The sheriff’s office says Kent County’s park staff have been made aware of the snake but they are not actively looking for it.
This isn’t the first time a snake has gotten loose in Kent County. More than 40 years ago, “Big Sid,” a circus python that got loose in Standale, made it to national headlines. That snake was a reported 16-feet long and 140 pounds. Kids were advised to stay indoors as city leaders and local police spent several days looking for the reptile.
News 8 spoke with one parkgoer Wednesday who lived in the area when Big Sid was the talk of the town.
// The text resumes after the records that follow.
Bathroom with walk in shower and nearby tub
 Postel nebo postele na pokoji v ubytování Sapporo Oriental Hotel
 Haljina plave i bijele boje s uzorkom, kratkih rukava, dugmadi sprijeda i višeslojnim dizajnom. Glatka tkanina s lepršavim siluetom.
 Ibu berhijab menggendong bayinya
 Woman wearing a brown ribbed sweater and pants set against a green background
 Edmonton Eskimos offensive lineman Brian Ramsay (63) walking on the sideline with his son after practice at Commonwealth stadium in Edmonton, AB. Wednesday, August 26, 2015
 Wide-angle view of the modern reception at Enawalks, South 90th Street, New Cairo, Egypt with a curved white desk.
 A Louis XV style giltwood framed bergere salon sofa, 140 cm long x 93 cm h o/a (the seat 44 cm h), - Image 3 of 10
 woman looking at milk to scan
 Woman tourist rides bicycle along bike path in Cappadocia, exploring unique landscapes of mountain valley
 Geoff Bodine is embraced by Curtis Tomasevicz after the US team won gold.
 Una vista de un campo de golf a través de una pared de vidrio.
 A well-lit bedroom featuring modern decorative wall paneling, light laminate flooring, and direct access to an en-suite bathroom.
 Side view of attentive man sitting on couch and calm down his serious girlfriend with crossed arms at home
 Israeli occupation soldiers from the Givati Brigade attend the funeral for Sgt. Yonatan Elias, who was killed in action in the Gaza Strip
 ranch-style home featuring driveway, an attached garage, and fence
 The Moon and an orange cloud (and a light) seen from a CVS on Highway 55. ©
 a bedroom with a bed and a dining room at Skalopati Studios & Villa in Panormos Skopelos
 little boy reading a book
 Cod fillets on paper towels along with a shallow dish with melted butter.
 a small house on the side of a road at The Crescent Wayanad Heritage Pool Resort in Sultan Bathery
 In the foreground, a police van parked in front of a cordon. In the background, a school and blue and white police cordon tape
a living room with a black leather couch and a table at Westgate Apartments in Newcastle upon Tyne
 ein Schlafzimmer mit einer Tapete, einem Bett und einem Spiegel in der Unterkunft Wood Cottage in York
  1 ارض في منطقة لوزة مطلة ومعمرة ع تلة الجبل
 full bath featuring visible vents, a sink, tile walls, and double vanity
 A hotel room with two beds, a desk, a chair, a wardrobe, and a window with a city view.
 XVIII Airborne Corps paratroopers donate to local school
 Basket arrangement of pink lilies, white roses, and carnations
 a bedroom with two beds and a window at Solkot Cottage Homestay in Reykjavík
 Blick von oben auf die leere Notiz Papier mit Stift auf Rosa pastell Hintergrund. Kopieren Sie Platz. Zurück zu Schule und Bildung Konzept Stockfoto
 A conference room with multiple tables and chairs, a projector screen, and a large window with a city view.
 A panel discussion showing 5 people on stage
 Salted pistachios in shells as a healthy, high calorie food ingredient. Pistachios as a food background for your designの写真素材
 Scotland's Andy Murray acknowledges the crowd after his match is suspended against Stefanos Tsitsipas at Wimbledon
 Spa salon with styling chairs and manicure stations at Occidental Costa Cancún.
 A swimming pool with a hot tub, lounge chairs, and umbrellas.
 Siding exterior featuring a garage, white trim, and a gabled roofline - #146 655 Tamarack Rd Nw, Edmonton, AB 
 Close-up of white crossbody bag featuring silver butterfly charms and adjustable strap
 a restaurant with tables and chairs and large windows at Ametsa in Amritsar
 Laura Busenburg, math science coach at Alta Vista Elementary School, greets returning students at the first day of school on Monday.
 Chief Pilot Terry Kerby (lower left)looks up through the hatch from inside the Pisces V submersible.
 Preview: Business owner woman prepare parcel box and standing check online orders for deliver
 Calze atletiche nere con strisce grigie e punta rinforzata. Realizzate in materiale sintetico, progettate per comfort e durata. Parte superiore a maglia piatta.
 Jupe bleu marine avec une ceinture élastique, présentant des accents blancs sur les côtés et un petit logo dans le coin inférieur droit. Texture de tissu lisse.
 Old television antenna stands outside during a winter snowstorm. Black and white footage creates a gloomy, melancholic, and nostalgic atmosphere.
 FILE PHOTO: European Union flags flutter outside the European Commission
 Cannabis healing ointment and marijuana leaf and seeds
“It doesn’t scare me but the first thing that comes to mind is Big Sid from the 70s and 80s or whenever that was. That was up near Standale, so not too far from here. Who knows maybe this is one of Big Sid’s proteges,” said Deskin Miller as he walked his dogs in Johnson Park Wednesday. “It was a big news story. Everyone was talking about Big Sid and I’m sure he never did any damage but it was something to talk about. We don’t have many boa constrictors or pythons around here.”
John Ball Zoo Conservation Manager Bill Flanagan said boa constrictors are typically 8- to 10-feet long and he doesn’t recommend keeping them as pets. Flanagan said they typically eat a wide variety of food like birds and small mammals and are known to kill their prey by putting pressure on their bodies, sometimes causing cardiac arrest prior to strangulation. He said the snakes are generally not a threat to humans but when released into the wild, they can be a source of pathogens to local populations.
Staff with the Kent County Parks Department say so far they have not personally seen the snake. They urge anyone who spots the animal to call animal control.
Do not attempt to catch it yourself or interact with the animal.